Plated Table is a kitchen where I make eating seasonally more accessible to my community through personal chef services to families with specific needs and goals; weekly meal deliveries, which allows me to cook for many people at more affordable prices; event catering; and multi-course dining experiences for dinner parties in people’s homes. No matter the service or event, all of my menus are centered around locally grown food and celebrate seasonality and eating as part of an act of community.
To expand my business, be able to cook for more people in my community, and support more small local growers, I am opening a commercial kitchen and small event space in July of 2023.
I started Plated Table 9 years ago with the goals of making eating locally easier for busy families, being a part of local food systems, and supporting the growth and sustainability of my community. Plated Table has evolved a lot over the years, and I am proud to say those values still form its backbone. I look forward to the ways increased resources for my business will also help me more frequently donate my skills to cook for fundraisers at local schools and nonprofits, and gift excess food to neighbors and food pantries.
I grew up in rural Indiana, surrounded by fields of corn, soybeans, cows, and pigs.

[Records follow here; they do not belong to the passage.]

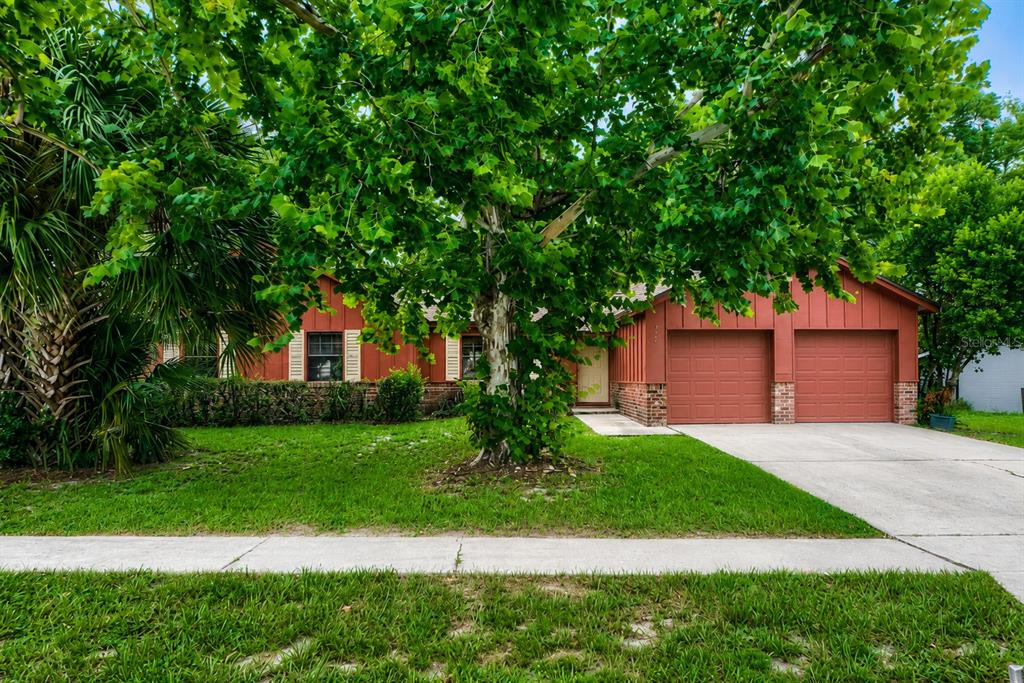 717 LANCEWOOD DRIVE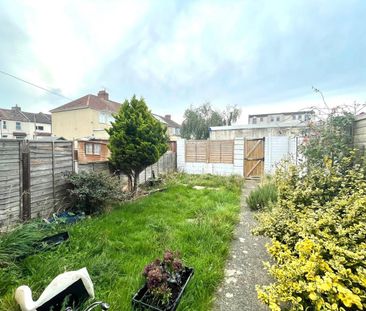 2 Bed Terraced House, Freshland Way, BS15 - Photo 1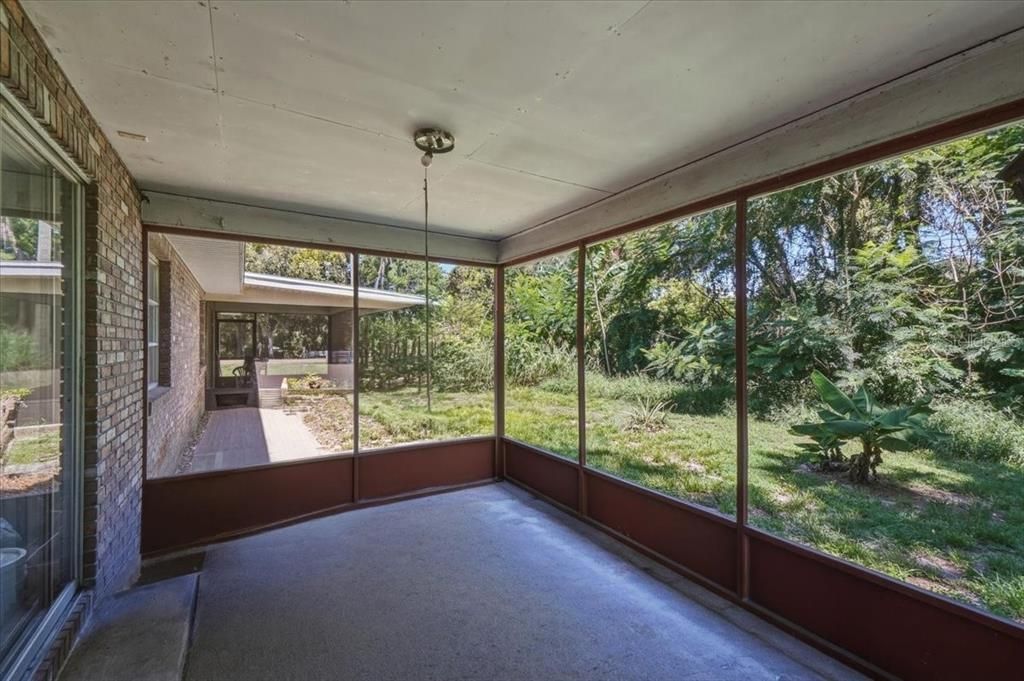 For Sale: $295,000 (4 beds, 0 baths, 1697 Square Feet)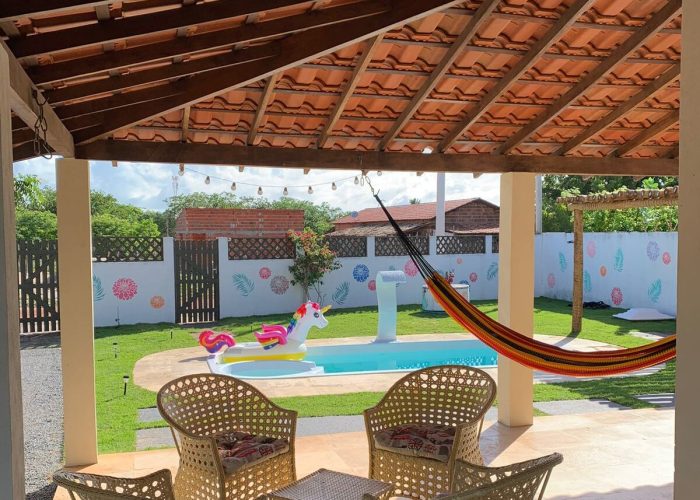 Casa com piscina em Cajueiro da Praia PI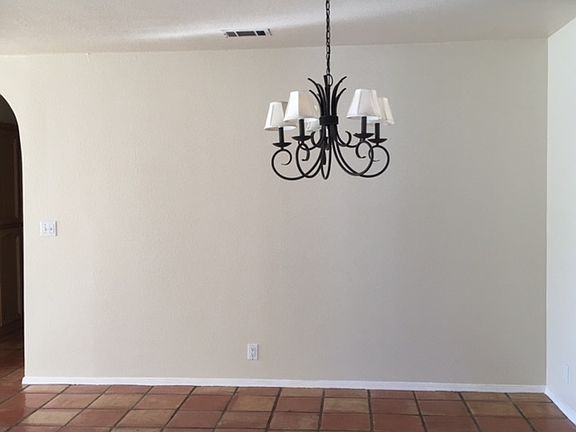5th image of 2618 Meadowood Dr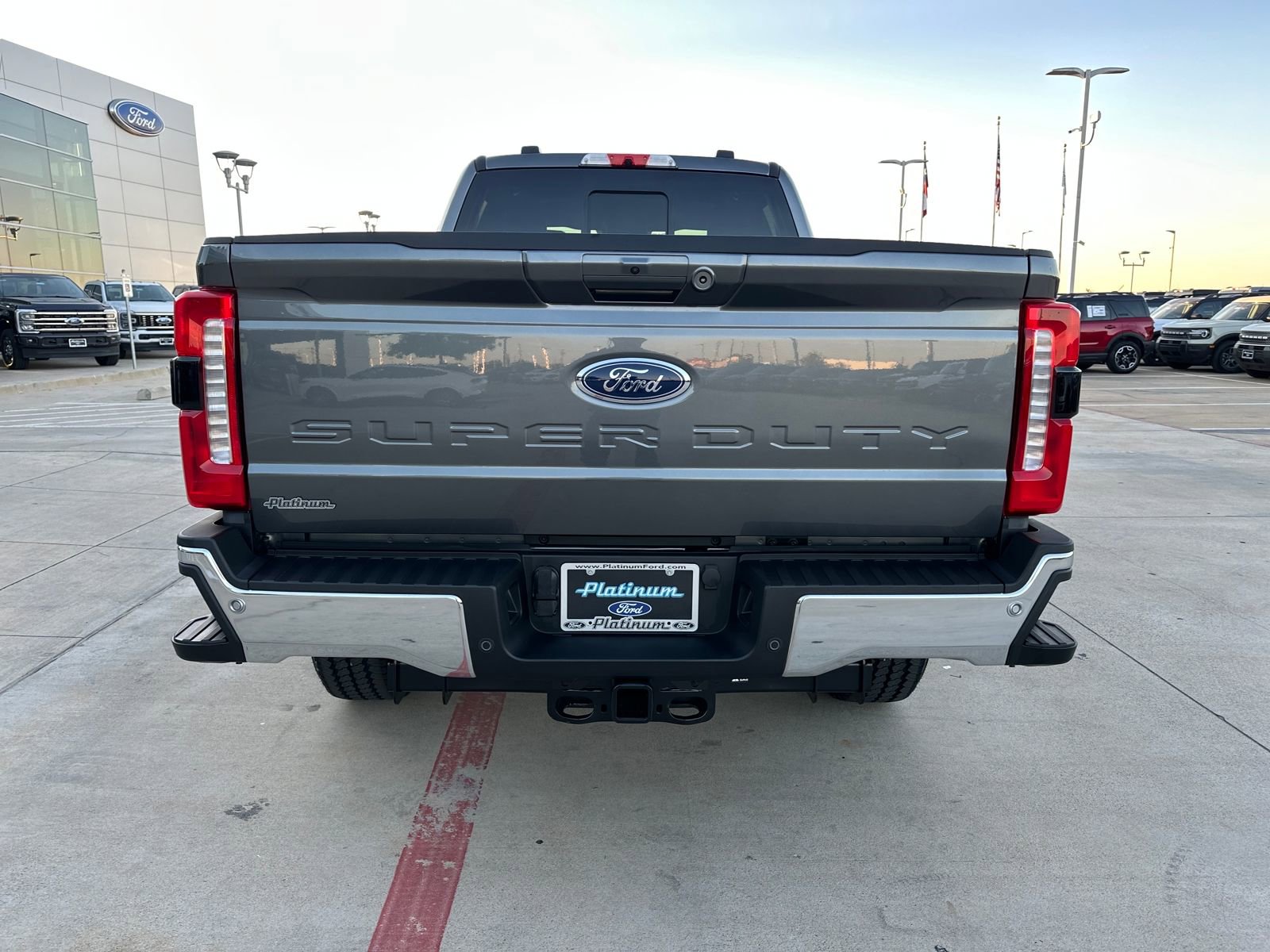 New 2026 Ford F350 Lariat w/ Lariat Premium Package image 4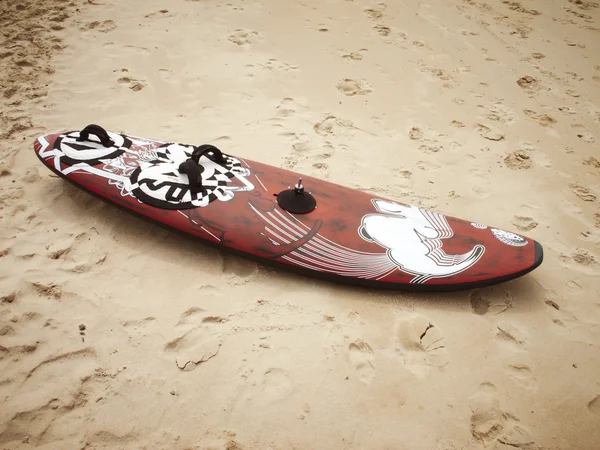 Tabla de surf en una playa mediterránea en tono cálido — Foto de Stock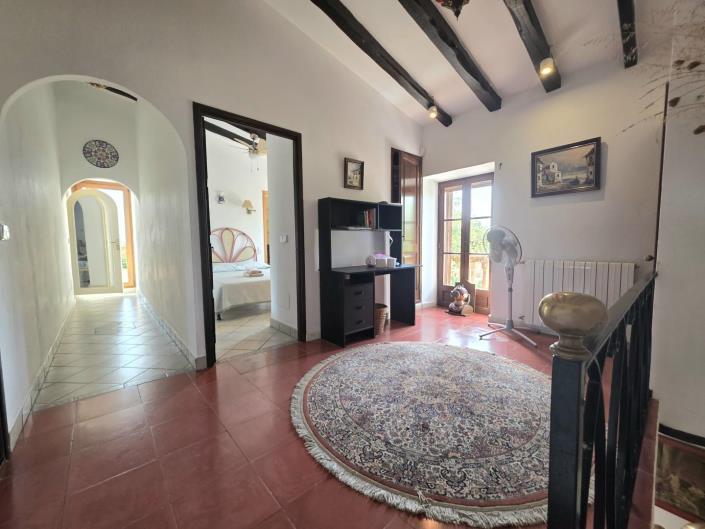 Image No.20-6 Bed Village House for sale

Though my family did not farm, farming was a big part of our community, and too, our everyday lives.
My family was one of eaters. We ate almost every meal together, cooked by my mother, seated at the table. Like many, there were certain things we ate seasonally – crisp watermelon; swollen corn on the cob; asparagus from my grandpa’s backyard; warm tomatoes off the vine – but ironically, surrounded by agriculture, we otherwise grew up eating scarcely any local food. It wasn’t until college I realized the majority of the “food” growing around me as a child was not being eaten by people at all, and that mono crop farming methods hurt not just the land, but also the generations of people that work the land in a multitude of ways.
Eating seasonally can be challenging and requires creativity and relationships with growers, which can be extra hurdles to putting food on the table. Through Plated Table I am able to make eating local easier, keep money in the local economy, and support my community – and when my customers buy from me, they know that they are supporting those same values they too believe in, fork first.